Susan Ware is the author of Why They Marched: Untold Stories of the Women Who Fought for the Right to Vote, American Women’s History: A Very Short Introduction, and Letter to the World: Seven Women Who Shaped the American Century, among other books. She is Honorary Women’s Suffrage Centennial Historian at the Schlesinger Library on the History of Women in America at the Radcliffe Institute for Advanced Study, Harvard University, and General Editor of American National Biography. Her commentary is featured in PBS _American Experience documentary on the suffrage movement.

Via email, Ware explained the thinking that went into her selections and why this history is so germane to our current moment.

Suffragist Lucy Burns (1879–1966), co-founder of the National Woman’s Party, addresses a crowd circa 1910. (George Grantham Bain Collection, Library of Congress Prints and Photographs Division)

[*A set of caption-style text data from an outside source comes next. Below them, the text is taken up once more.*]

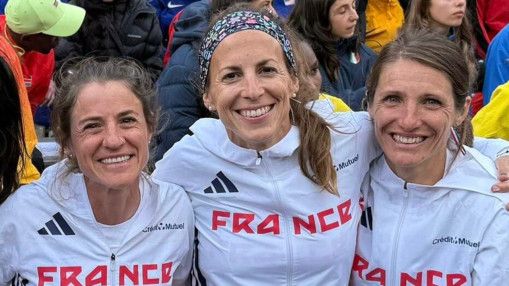 Deux Lyonnaises médaillées aux derniers championnats du monde de trail au départ de la SaintéLyon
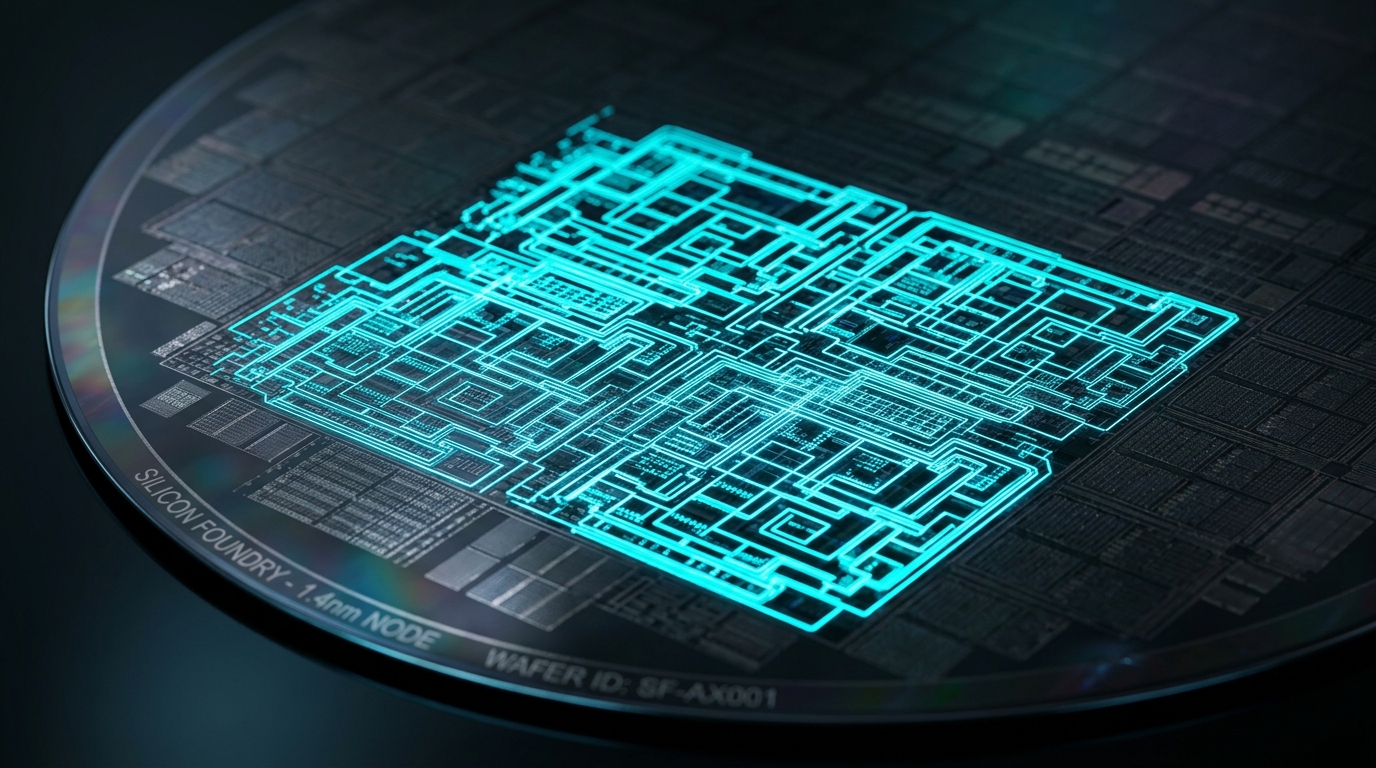 Yarı İletkende TSMC Devrimi: 1.4nm Çip Üretimi İçin Düğmeye Basıldı!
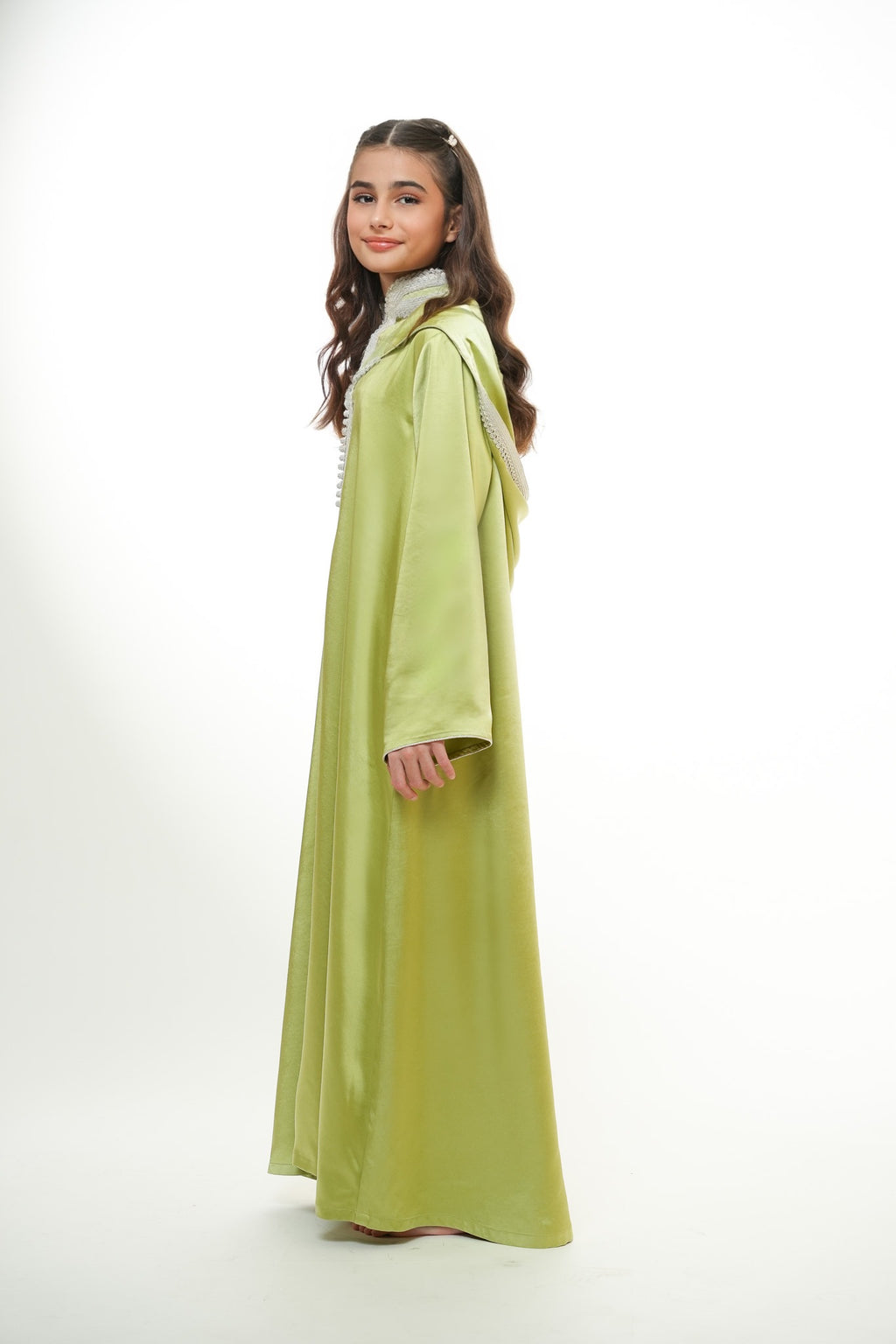 Mini Echo of Layers Kaftan by Mystique Design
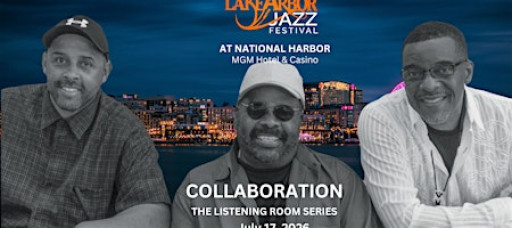 The Listening Room Series - Collaboration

Library of America: This year we commemorate the 100th anniversary of the passage of the Nineteenth Amendment, but in your introduction you’re careful to note, “the 1920 milestone had very little meaning for various groups of prospective female voters.” Who were those groups, and are they the reason why your anthology extends to 1965?

Susan Ware: Whenever we say “women won the right to vote in 1920” there should always be a mental asterisk next to that statement. Even though the Nineteenth Amendment said that the right to vote “shall not be denied on account of sex,” certain groups of women still found themselves unable to exercise that right. The largest group was African American women living in the South, who were subjected to the same Jim Crow restrictions like literacy tests and poll taxes that had been used to disenfranchise African American men since the late nineteenth century. It was the Voting Rights Act of 1965, rather than the Fourteenth, Fifteenth, and Nineteenth Amendments, that finally paved the way for Blacks to vote in the South, which is why the anthology uses that date as its end point.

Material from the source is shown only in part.